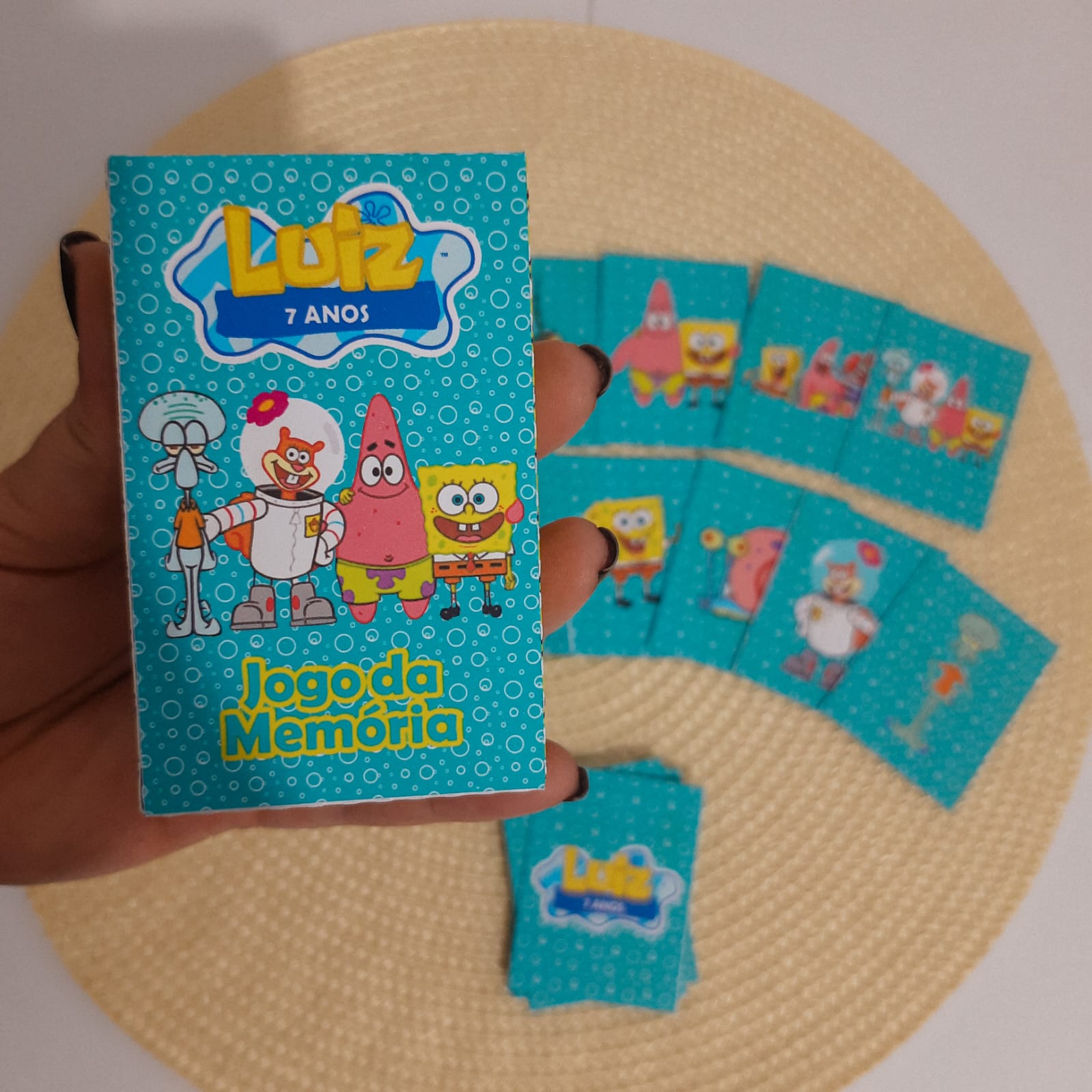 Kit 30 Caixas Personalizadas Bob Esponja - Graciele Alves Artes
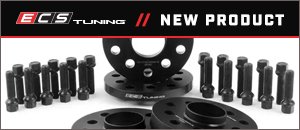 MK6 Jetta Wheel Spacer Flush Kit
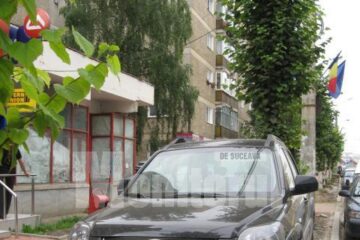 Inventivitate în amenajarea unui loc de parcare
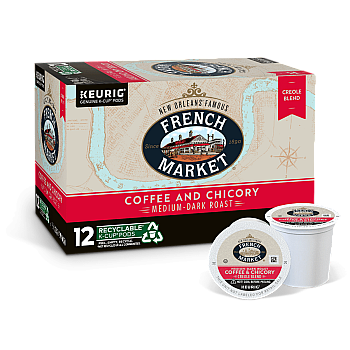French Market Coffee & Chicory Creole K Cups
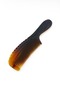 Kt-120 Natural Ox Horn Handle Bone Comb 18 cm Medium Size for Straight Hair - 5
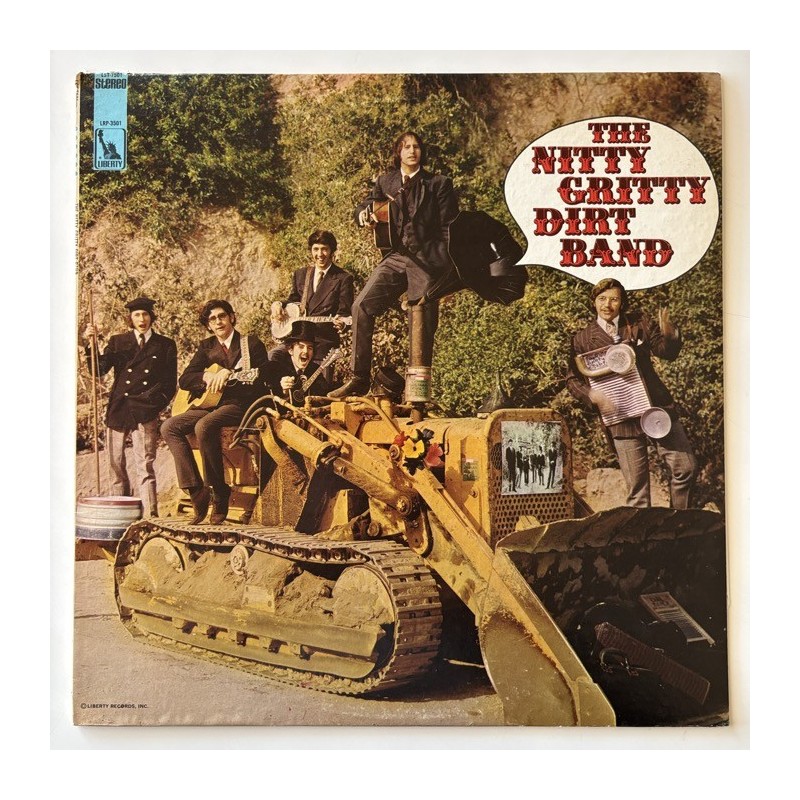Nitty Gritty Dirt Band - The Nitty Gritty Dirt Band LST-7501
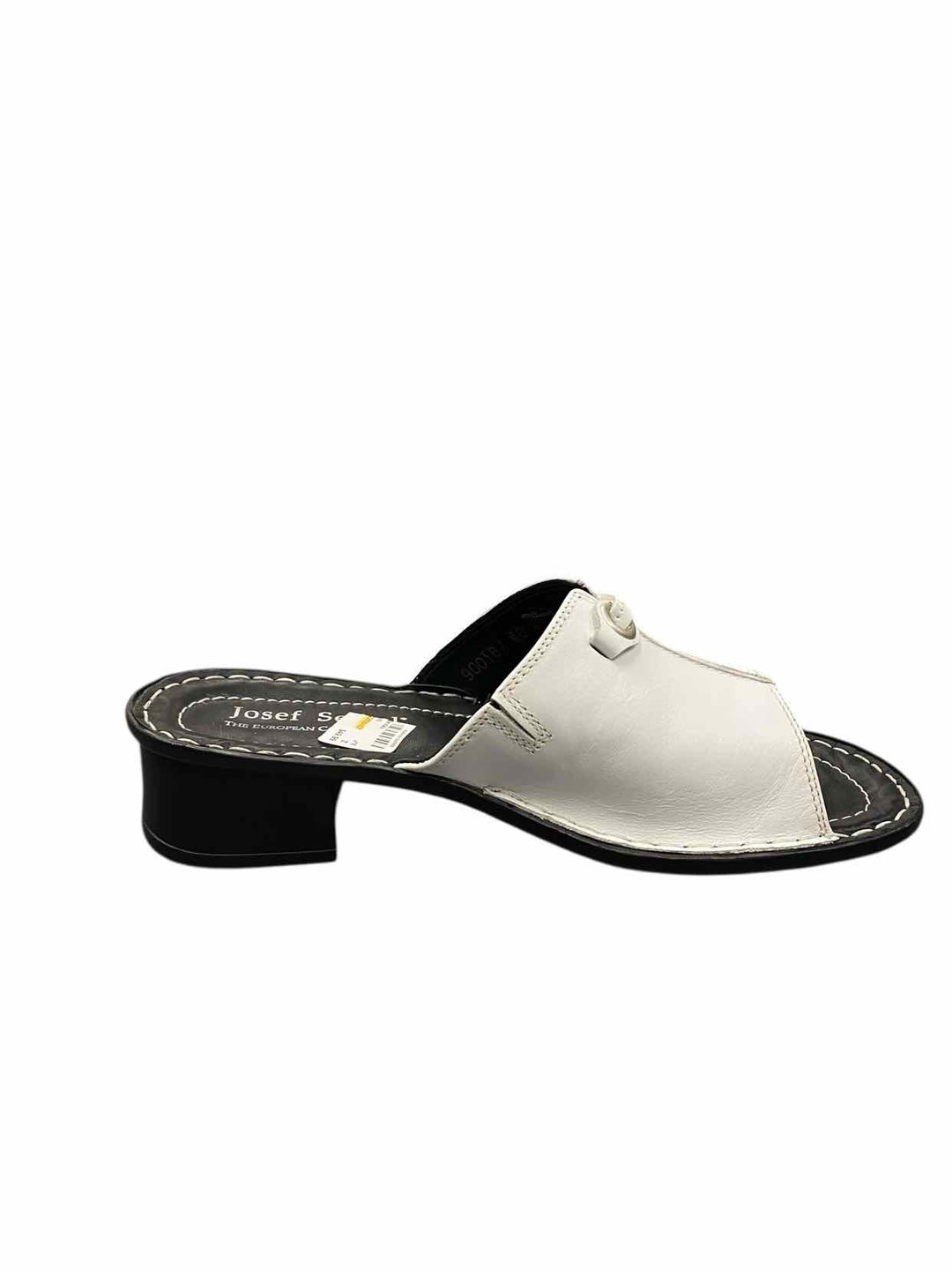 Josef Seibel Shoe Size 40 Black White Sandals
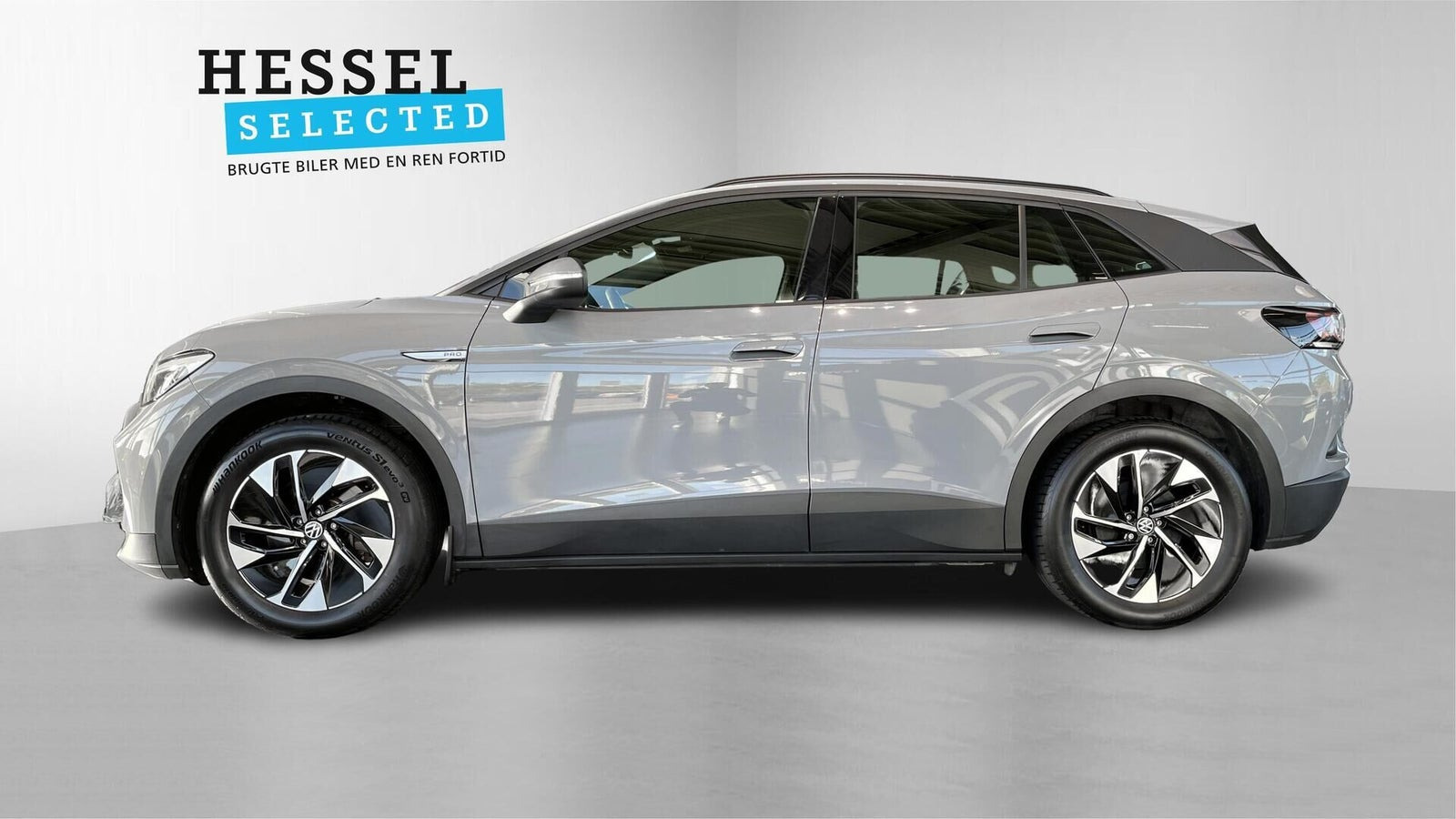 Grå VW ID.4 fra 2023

◆ **Problem to solve**:
Leave out the images and repeat the rest of the data word for word.

◆ **Output**:
 Kit 30 Caixas Personalizadas Bob Esponja - Graciele Alves Artes
 MK6 Jetta Wheel Spacer Flush Kit
 Inventivitate în amenajarea unui loc de parcare
French Market Coffee & Chicory Creole K Cups
 Kt-120 Natural Ox Horn Handle Bone Comb 18 cm Medium Size for Straight Hair - 5
Nitty Gritty Dirt Band - The Nitty Gritty Dirt Band LST-7501
 Josef Seibel Shoe Size 40 Black White Sandals
 Grå VW ID.4 fra 2023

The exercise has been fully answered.